Along with El Paso, Enron owns 50 percent of the company that operates Florida's only existing natural gas pipeline.
But Florida Gas Transmission Co. is a separate entity with its own credit rating, said spokeswoman Gina Taylor. Two expansion projects connecting the pipeline to gas suppliers and utilities, worth about $540-million, are still on track, she said.
Leading the lawsuits
Florida wants to be part of the lead team in the suits against Enron, but there may not be much to go after.
Enron's shares closed at 39 1/2 cents Friday. A new CEO pledges to get the company back on track, despite bankruptcy and myriad lawsuits against Enron and its accounting firm, Arthur Andersen LLP.
Florida has already petitioned the federal court in Houston to team up with New York for status as lead plaintiff in the investor lawsuits. But there's bickering among other big pension funds on who gets that role, which delivers control over the direction of the case. The University of California Regents say they are more deserving partly because of the way Florida managed its Enron investments.
The regents note that Florida was buying millions of shares "while most of the public was dumping Enron's stock upon the news of this fraud." This means Florida's situation isn't typical of injured investors as a group.
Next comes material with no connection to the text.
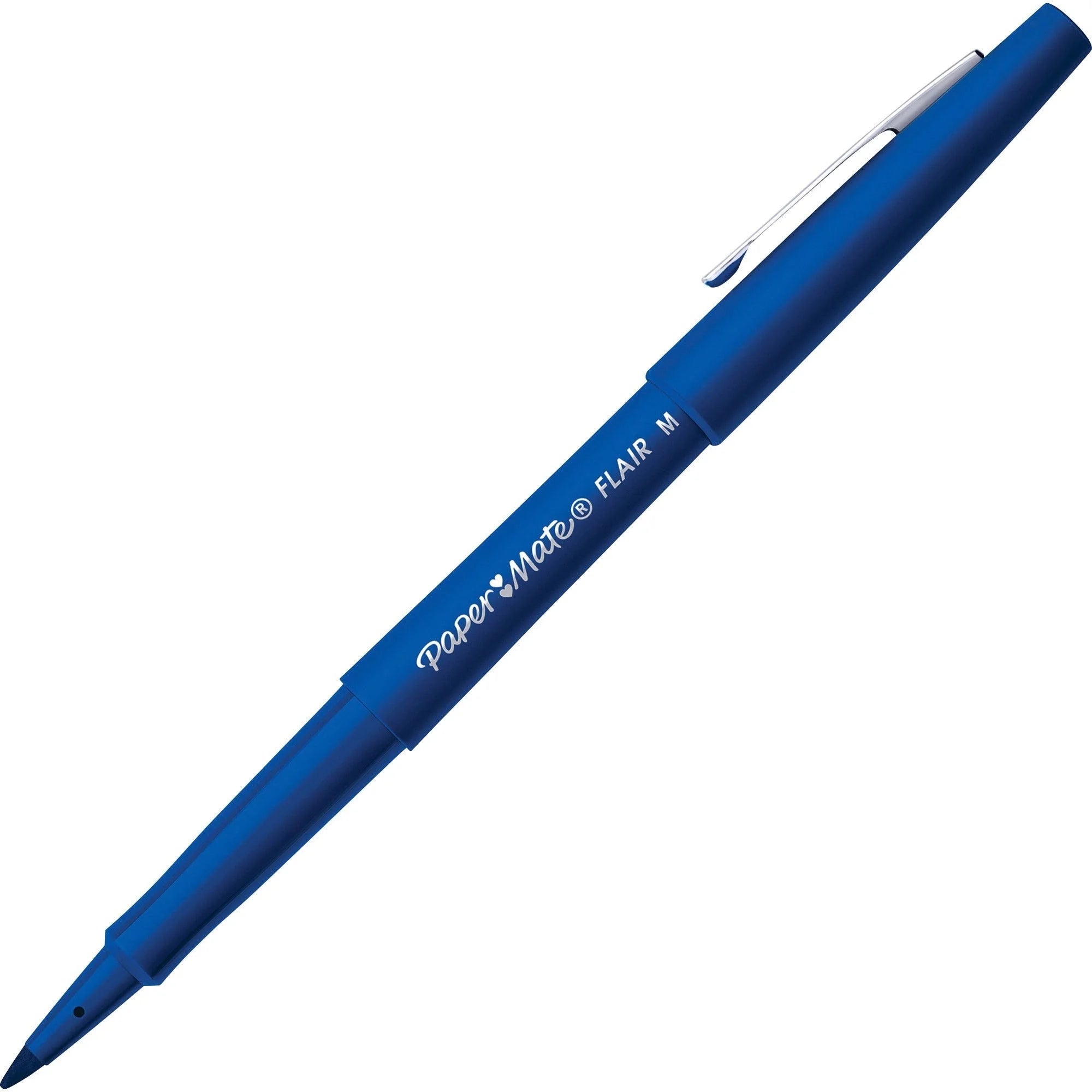 Paper Mate Flair Blue Felt Tip Pens - Medium Point - Water-Based Ink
Michael Pucillo, a West Palm Beach lawyer representing Florida, said Enron's bankruptcy means it will likely be dropped from the lawsuits as a defendant. Instead, investors are hoping to collect from Andersen and from Enron's liability insurance. Another target: the personal assets of Kenneth Lay, along with other officers and directors.
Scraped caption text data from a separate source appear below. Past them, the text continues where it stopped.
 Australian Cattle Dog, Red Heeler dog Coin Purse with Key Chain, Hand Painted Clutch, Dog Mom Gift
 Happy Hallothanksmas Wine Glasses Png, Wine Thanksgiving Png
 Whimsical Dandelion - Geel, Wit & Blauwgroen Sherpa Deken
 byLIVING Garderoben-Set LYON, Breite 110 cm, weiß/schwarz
Big losers like the Florida pension fund aren't likely to get much by suing Enron. And federal law makes it very difficult to win a lawsuit regarding accounting firms' audits. And there are a lot of Enron investors, creditors and former employees going after the same pot of money.
"They'll be lucky to get back 10 cents on the dollar," said Tampa lawyer Jonathan Alpert, veteran of many class-action lawsuits, but not this one. "I'll be surprised if they get that much."
-- Times researcher Kitty Bennett contributed to this report, which used information from Times wires.